[Exercise instructions]
Each record must appear in the answer exactly as given.

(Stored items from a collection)

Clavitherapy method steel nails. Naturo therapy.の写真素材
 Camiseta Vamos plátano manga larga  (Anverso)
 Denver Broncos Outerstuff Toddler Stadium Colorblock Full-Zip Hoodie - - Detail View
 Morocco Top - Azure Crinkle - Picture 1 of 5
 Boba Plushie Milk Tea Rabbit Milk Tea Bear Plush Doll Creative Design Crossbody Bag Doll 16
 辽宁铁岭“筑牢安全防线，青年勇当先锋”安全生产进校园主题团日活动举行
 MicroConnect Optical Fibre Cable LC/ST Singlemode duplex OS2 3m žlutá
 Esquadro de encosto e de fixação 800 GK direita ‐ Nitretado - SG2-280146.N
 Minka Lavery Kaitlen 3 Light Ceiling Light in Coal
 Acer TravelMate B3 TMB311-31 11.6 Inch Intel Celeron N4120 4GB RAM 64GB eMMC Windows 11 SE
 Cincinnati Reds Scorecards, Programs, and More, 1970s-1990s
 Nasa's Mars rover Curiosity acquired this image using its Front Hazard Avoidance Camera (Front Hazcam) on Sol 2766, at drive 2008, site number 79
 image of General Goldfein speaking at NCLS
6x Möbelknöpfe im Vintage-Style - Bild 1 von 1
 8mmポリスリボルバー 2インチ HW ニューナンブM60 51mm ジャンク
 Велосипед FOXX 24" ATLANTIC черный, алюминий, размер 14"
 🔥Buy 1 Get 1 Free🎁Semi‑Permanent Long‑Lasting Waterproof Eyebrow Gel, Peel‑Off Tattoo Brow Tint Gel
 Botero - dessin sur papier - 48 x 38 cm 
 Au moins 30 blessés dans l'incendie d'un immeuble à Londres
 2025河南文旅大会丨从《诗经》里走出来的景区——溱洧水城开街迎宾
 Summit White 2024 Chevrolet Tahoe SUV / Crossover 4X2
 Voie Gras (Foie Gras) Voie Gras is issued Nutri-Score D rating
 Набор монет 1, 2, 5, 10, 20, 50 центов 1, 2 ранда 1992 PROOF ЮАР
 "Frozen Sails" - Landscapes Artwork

[Task answer]
Clavitherapy method steel nails. Naturo therapy.の写真素材
 Camiseta Vamos plátano manga larga  (Anverso)
 Denver Broncos Outerstuff Toddler Stadium Colorblock Full-Zip Hoodie - - Detail View
 Morocco Top - Azure Crinkle - Picture 1 of 5
 Boba Plushie Milk Tea Rabbit Milk Tea Bear Plush Doll Creative Design Crossbody Bag Doll 16
 辽宁铁岭“筑牢安全防线，青年勇当先锋”安全生产进校园主题团日活动举行
 MicroConnect Optical Fibre Cable LC/ST Singlemode duplex OS2 3m žlutá
 Esquadro de encosto e de fixação 800 GK direita ‐ Nitretado - SG2-280146.N
 Minka Lavery Kaitlen 3 Light Ceiling Light in Coal
 Acer TravelMate B3 TMB311-31 11.6 Inch Intel Celeron N4120 4GB RAM 64GB eMMC Windows 11 SE
 Cincinnati Reds Scorecards, Programs, and More, 1970s-1990s
 Nasa's Mars rover Curiosity acquired this image using its Front Hazard Avoidance Camera (Front Hazcam) on Sol 2766, at drive 2008, site number 79
 image of General Goldfein speaking at NCLS
6x Möbelknöpfe im Vintage-Style - Bild 1 von 1
 8mmポリスリボルバー 2インチ HW ニューナンブM60 51mm ジャンク
 Велосипед FOXX 24" ATLANTIC черный, алюминий, размер 14"
 🔥Buy 1 Get 1 Free🎁Semi‑Permanent Long‑Lasting Waterproof Eyebrow Gel, Peel‑Off Tattoo Brow Tint Gel
 Botero - dessin sur papier - 48 x 38 cm 
 Au moins 30 blessés dans l'incendie d'un immeuble à Londres
 2025河南文旅大会丨从《诗经》里走出来的景区——溱洧水城开街迎宾
 Summit White 2024 Chevrolet Tahoe SUV / Crossover 4X2
 Voie Gras (Foie Gras) Voie Gras is issued Nutri-Score D rating
 Набор монет 1, 2, 5, 10, 20, 50 центов 1, 2 ранда 1992 PROOF ЮАР
 "Frozen Sails" - Landscapes Artwork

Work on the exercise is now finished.